1.10.21
REDI Program launches
5th Studio are an industry research partner as part of the EU-funded REDI PhD training program. We are pleased to announce that the application process for the first round of the REDI program is now open. REDI is a unique offering industry-supported positions with excellent salaries, enviable international experiences including a residential year in Melbourne, Australia and annual workshop weeks in Barcelona, Spain, top-class training as well as networking with academic and industry leaders across 60+ supporting partners.

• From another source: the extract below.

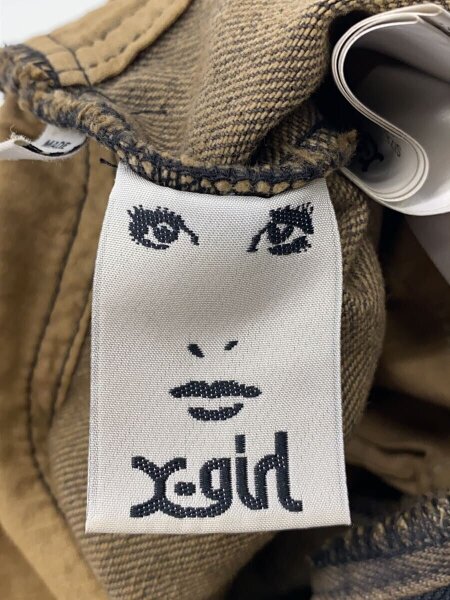 X-girl / 23SS/OVERDYED OVERALLS/オーバーオール/S/コットン/KHK/無地/105231031009 X-girl(エックスガール) / 23SS/OVERDYED OVERALLS/オーバーオール/S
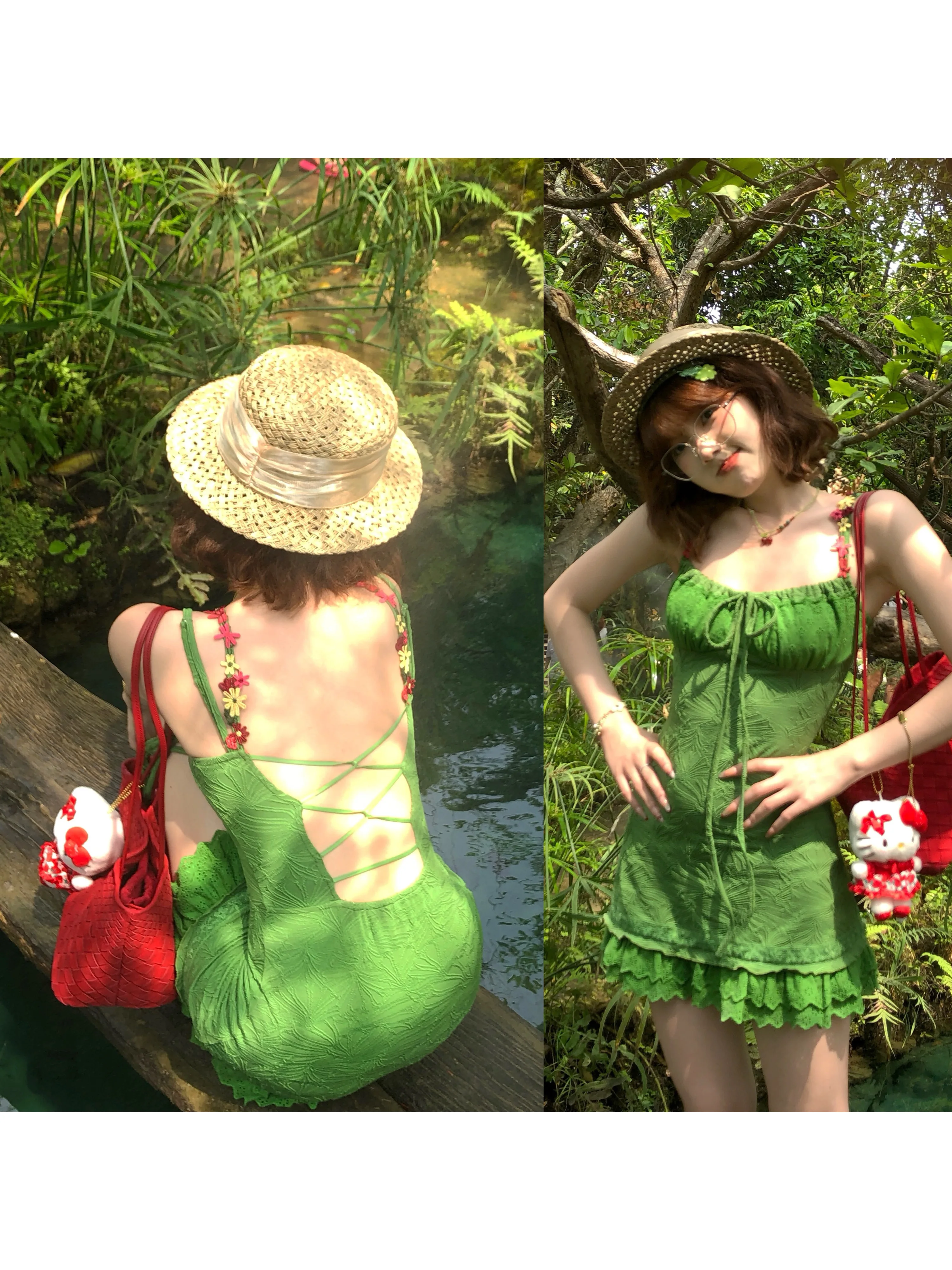 ALITTLE Messy "Coconut Summer" Vestido Halter con Estampado de Flores del Bosque Brillante, Doble Tirante y Cintura Ajustada, Estilo Vacacional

5th Studio will host a doctoral researcher, able to draw on 5th Studio's networks and portfolio of past and current projects. Researchers will be supported by the practice and supervisors Prof. Tom Holbrook (5th Studio) and Prof. Martyn Hook (RMIT) to research by design within three broad themes, falling under the heading of Making Cities: Centres & Edges:
Ecological Urbanism
Project: Research through design at the very large scale, addressing the challenges of climate change in the city. Deep contexts, ecologies – methodologies for documenting evolution of land uses and existing conditions. Estate retrofit. Conceptions of the 15-minute city, circular economy, social equity. Approaches to adaptive re-use, retrofit, co-production + community empowerment.
A New Hansa
Project: Exploring intra-national interplays between contemporary resonances of the old Hanseatic League of countries / city states around the North Sea. Exploring energy production, common conditions and environments, climate change adaptation and resilience, post-Brexit conditions and sociologies. Drawing on and building networks of city governance and practitioners: Amsterdam, Hamburg, Malmo, Copenhagen, Oslo. Rural/urban relationships – landscape re-wilding and repair.
Urban Logistics
Project: Exploring emerging thinking on logistics within the city, including food /just-in-time relationships, new markets, distribution of building materials, waste and the circular economy. Exploration of different modes including water, rail, new transport, Consolidation within cities; future of work. Emerging architectural hybrids that draw on co-location and intensification; new typologies and urban Impacts; social aspects. Economic and historical survey of precedents.